Il ragazzo dell’Europa, prima e dopo l’8 settembre

Ogni anno l’8 di Settembre, data spartiacque tra due mondi di concepire la vita e il mondo, non solo per l'Italia ma anche per l'Europa, ci offre l'occasione di spendere qualche riflessione che metta in chiaro, ancora una volta, la distanza tra l'orizzonte verso il quale le persone prima di questa data tendevano, come singoli e come popolo e il pantano borghese in cui ci troviamo. Per questo intento, lasceremo da parte i discorsi meramente politici, per analizzare lo stato d'animo di due canzoni simboliche delle due barricate, entrambe avente lo stesso titolo, "Ragazzo dell'Europa". 

Da una parte c'è la canzone di Gianna Nannini, che si contestualizza nell'Europa liberal-democratica dei nostri giorni, della libera circolazione del capitale e della forza lavoro. Un'Europa "comunitaria" che esiste per consumare e produrre e la cui unica preoccupazione è l'andamento dell'economia. Così, anche la vita dei giovani di questa Europa non può che essere inchinata alla materia ingannati come sono che quel che conta è vivere tutte le "esperienze" possibili attraverso la pratica e la profanazione di tutto. La canzone della Nannini esalta un randagismo che invita a spremere il proprio corpo come uno straccio per godere il più possibile, esaltando la vita istintuale che risucchia l'individuo nell'anonimato della specie. Il ragazzo di questa canzone non ha radici, esso "non pianta mai bandiera",  per cui non si sente neanche in dovere di trasmettere un'eredità che avrebbe dovuto cogliere con cura e consegnare a sua volta. 

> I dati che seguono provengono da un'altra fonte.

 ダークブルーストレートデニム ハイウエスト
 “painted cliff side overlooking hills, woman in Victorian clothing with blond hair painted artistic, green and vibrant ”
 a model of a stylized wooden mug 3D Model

L'altra canzone, invece, quella che richiama i valori che animarono l'Europa prima dell’8 settembre, è degli Hobbit. Il testo racconta di un ragazzo dell'Europa ben consapevole di appartenere a un suolo, a un popolo ed a un passato. Sa che solamente l'altitudine crea nuovi orizzonti e che vivere seguendo i piaceri è da plebeo mentre i nobili aspirano all’Ordine, alla Verità, alla Bellezza, alla Giustizia. La vita, in questo caso, non è un vagabondaggio, ma una missione che richiede fedeltà illimitata poiché colui che vede più lontano è anche colui che ha saputo salire più in alto.

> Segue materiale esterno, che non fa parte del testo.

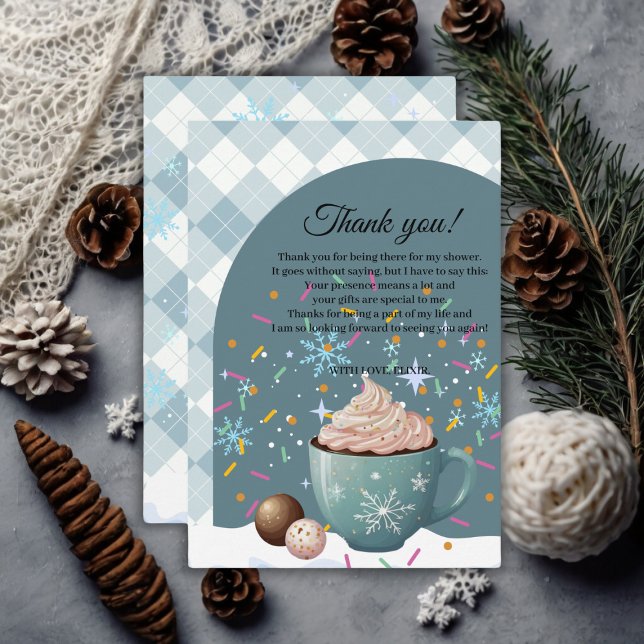 Carte De Remerciements Fête de Bébé Sprinkles Hot Cocoa Hiver Flocons de  (Créateur téléchargé)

Le opere artistiche, come i due brani musicali proposti, sono un indicatore dei valori  che hanno guidato la creatività dell’artista, per cui non ci stupiamo neanche più di tanto quando vediamo la Nannini spopolare con il suo inno alla dissolutezza mentre gruppi come gli Hobbit vengono emarginati dal mondo della musica propinata alle giovani generazioni.